David Fleming
It's All Academic   www.davidflemingsite.com   
No Moral Higher Ground

February 21, 2018

Interesting happenings out of Colorado this week.  The Adams State University President has been put on leave because of complaints of how she interacts with her employees.  At the center of the controversy, or at least shining the brightest lights on the controversy, is a website run by a former Adams State faculty member aimed at highlighting any and all perceived shortcomings of the President. Read, if you can stomach it, here at Inside Higher Ed (note also, the reference to unnamed sources, my current pet peeve). One of the things the website criticizes the president for was attending a Halloween party as a politically incorrect plumber, replete with fake teeth and fake beer belly (where did she find this costume, in the remainder bins of Inspector Clouseau costumes?).  Not the smartest move by the president by any means (there is a reason an administrator frankly shouldn't go to any party) but it wasn't blackface.  It wasn't Native American.  It was white plumber guy.

Here's the thing.  I am sure both the president and the blogger believe they have taken the higher moral ground through all of this. But, as with everything inside and outside of academia these days, there is no high moral ground. And everyone should stop pretending they have ascended to it.  No one stands on the moral high ground.  There are only swamps of self-interest and deltas of denial.  We pick where we stand and elevate it in our minds.

We can't escape this, whether it is the aftermath of the Parkland, Florida shootings, and our never-ending public debate about guns, mental health, and the lack of religion in our schools. No escape if we turn to more traditional political news and it is the Mueller probe.  Try to watch sports, and the morass gathers under our feet regarding Michigan State's potential complicity in the Nasser scandal. 

Everyone believes they stand on the moral high ground, but no one seems to care that it took no effort to scale that height.  Throw down my soap box, jump on top, and claim the higher ground. 

I have desperately, and without success, tried to find over the last few days the first reference to "moral high ground," hoping it goes back to someone like St. Augustine, who might exemplify that the phrase was never about moral authority or superiority, but was about identifying one's moral grounds by the ability to look 360 degrees around one's self to have the most information before judging anyone else.

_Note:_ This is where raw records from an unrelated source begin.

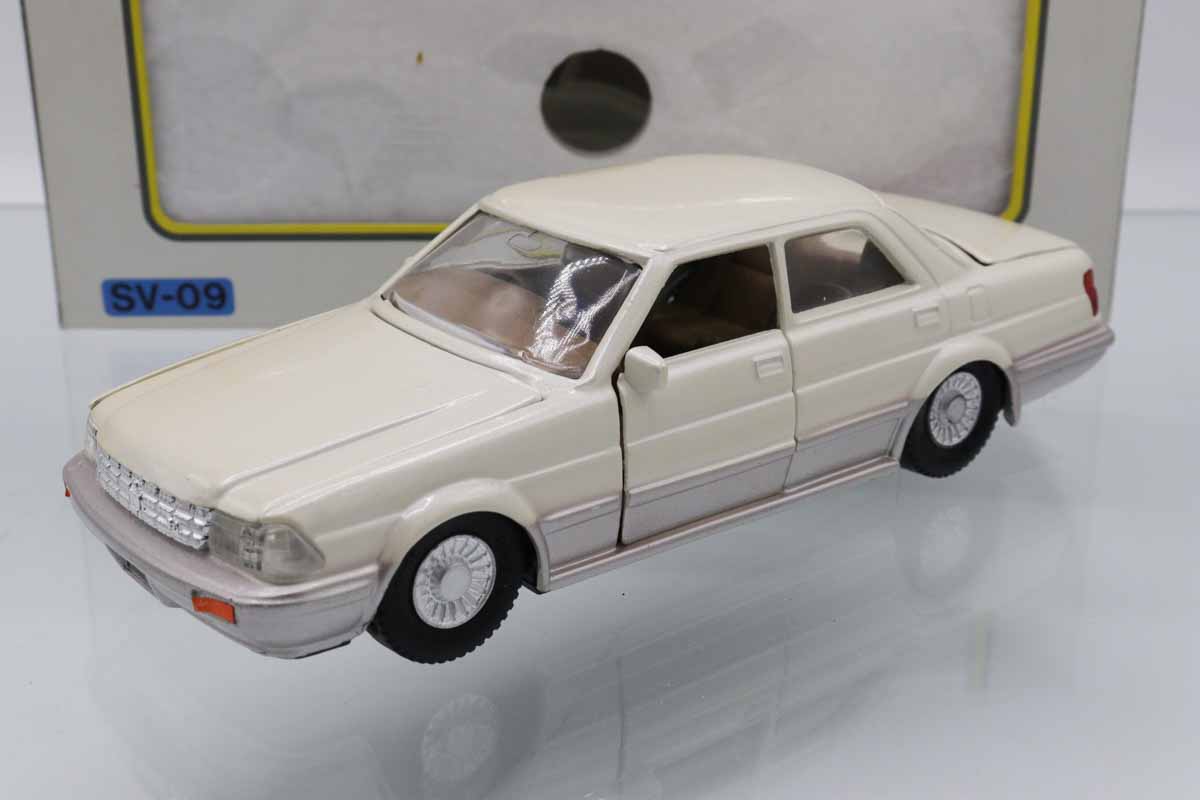 ヨネザワ ダイヤペット 1/30 クラウン ロイヤルサルーンG 2台セット ヨネザワ ダイヤペット 1/30 クラウン ロイヤルサルーンG 2台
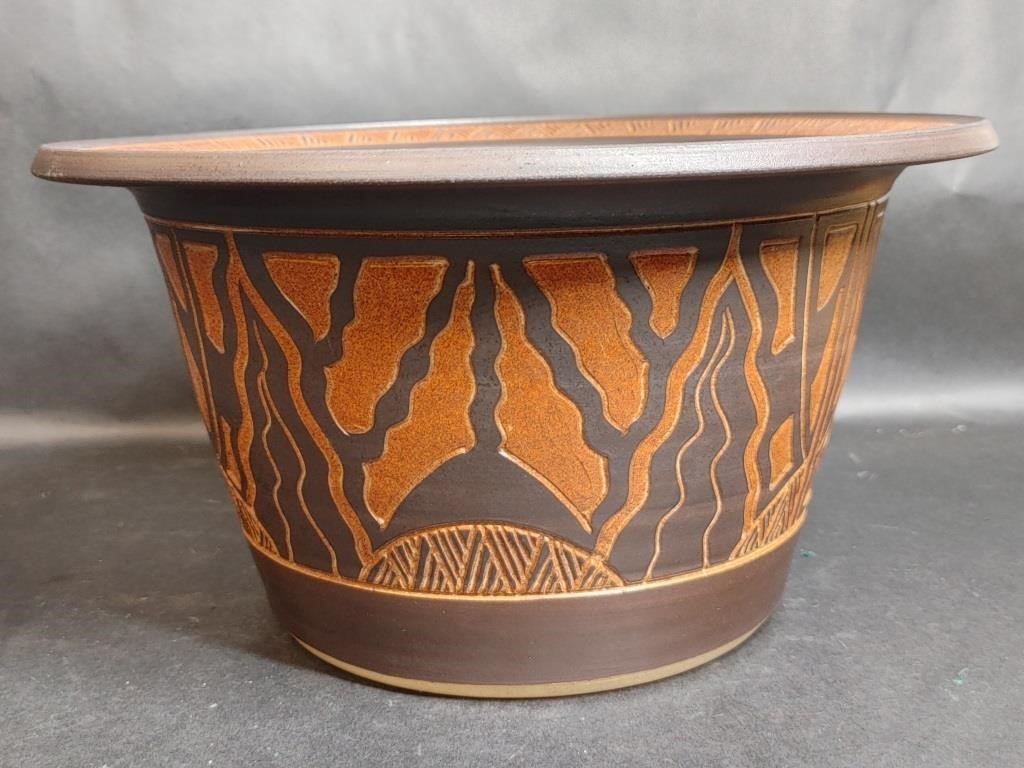Hand Crafted Artist Signed Pottery Bowl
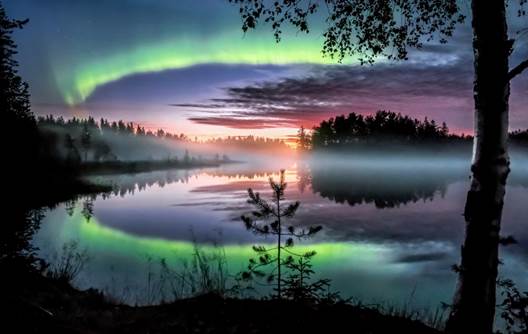 Finland_Nurmes_mirror_aurora. jpg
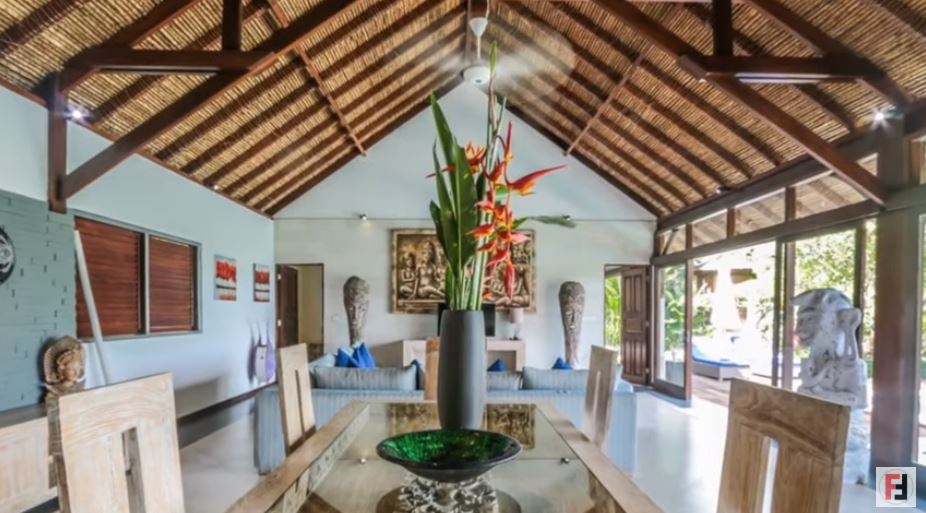 8 Penampakan vila Luna Maya di Bali, suasananya cozy abis
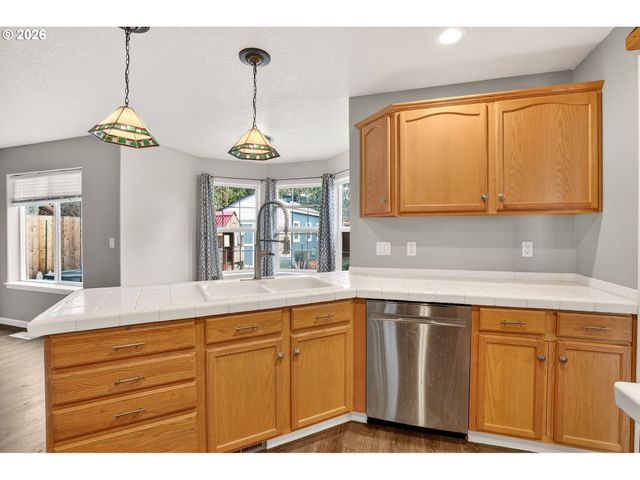 33985 Se DAVONA Dr, Scappoose, OR 97056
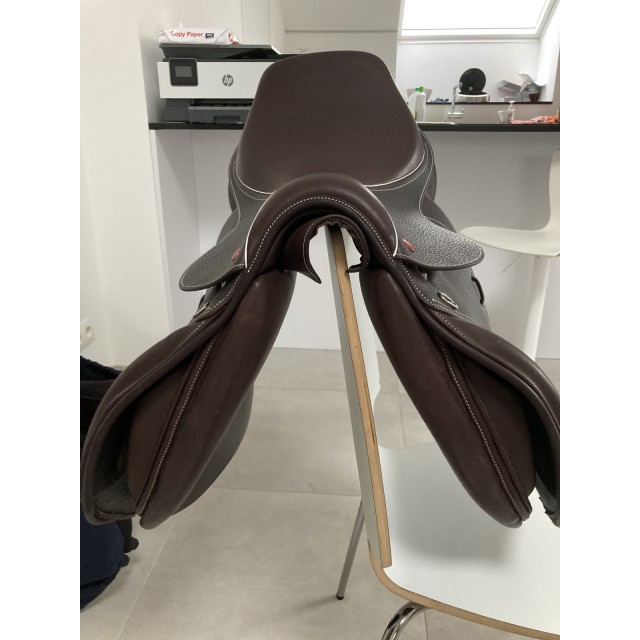 selle mixte John Whitaker The rio pony saddle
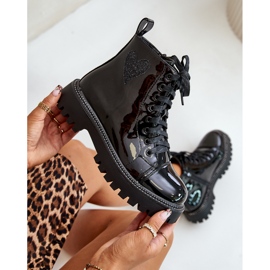 Ankelstövlar i lack för damer med dragkedja och dekorativt hjärta, svart Obeena 2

That is how I would love to define the highest moral ground.  If we were standing on true moral high ground, we would be able to see every direction, like those mountain overlooks that allow you views where 4 states meet.  From that promontory (sorry, Adams State, even higher than your Colorado Rocky Mountains), we can have the ability to scan the entire scope of arguments and come to the most rational belief, moral in that it tries to account for the nuances of every debate, but reflects the deeply intellectual thought that comes from being educated.  Yet, higher education keeps letting us down, especially when Adams State acts more like the Addams Family.

I am not claiming I am on a moral high ground; in fact, I would argue that I am trying to scale that mountain everyday. I have few reasons to assert any kind of moral superiority. If my son drinks (I say "IF," Lincoln), I know I have been just as tempted when underage.  If some one says something inappropriate, I know it is a fine line between my "f-bomb" and theirs.  I come home from tough days at work and and let my frustration loose on my too-small-closet.

I suppose in a perfect world, none of us ever get to the absolute heights of moral high ground.  After all, isn't it the journey that is more valuable than the destination?